EXERCISE OBJECTIVE:
Only one stretch of the data below is needed. Output the lines from the one with "midiplus MIDI Cable 3M" up to and including the one with "Kesa Mo Yuraretemasu Chap 36 - Next Chap 37", exactly as they stand.

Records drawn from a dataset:
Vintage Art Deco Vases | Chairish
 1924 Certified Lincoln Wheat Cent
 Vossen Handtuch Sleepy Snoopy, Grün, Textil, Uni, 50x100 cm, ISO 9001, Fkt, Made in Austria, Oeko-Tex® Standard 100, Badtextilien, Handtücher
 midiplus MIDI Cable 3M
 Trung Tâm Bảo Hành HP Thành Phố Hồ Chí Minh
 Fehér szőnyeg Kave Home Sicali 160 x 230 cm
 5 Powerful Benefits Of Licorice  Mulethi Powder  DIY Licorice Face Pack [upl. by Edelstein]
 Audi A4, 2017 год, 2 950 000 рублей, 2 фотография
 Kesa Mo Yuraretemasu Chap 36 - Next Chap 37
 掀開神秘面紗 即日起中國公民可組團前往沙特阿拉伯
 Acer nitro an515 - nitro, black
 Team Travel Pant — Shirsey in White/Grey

TASK ANSWER:
 midiplus MIDI Cable 3M
 Trung Tâm Bảo Hành HP Thành Phố Hồ Chí Minh
 Fehér szőnyeg Kave Home Sicali 160 x 230 cm
 5 Powerful Benefits Of Licorice  Mulethi Powder  DIY Licorice Face Pack [upl. by Edelstein]
 Audi A4, 2017 год, 2 950 000 рублей, 2 фотография
 Kesa Mo Yuraretemasu Chap 36 - Next Chap 37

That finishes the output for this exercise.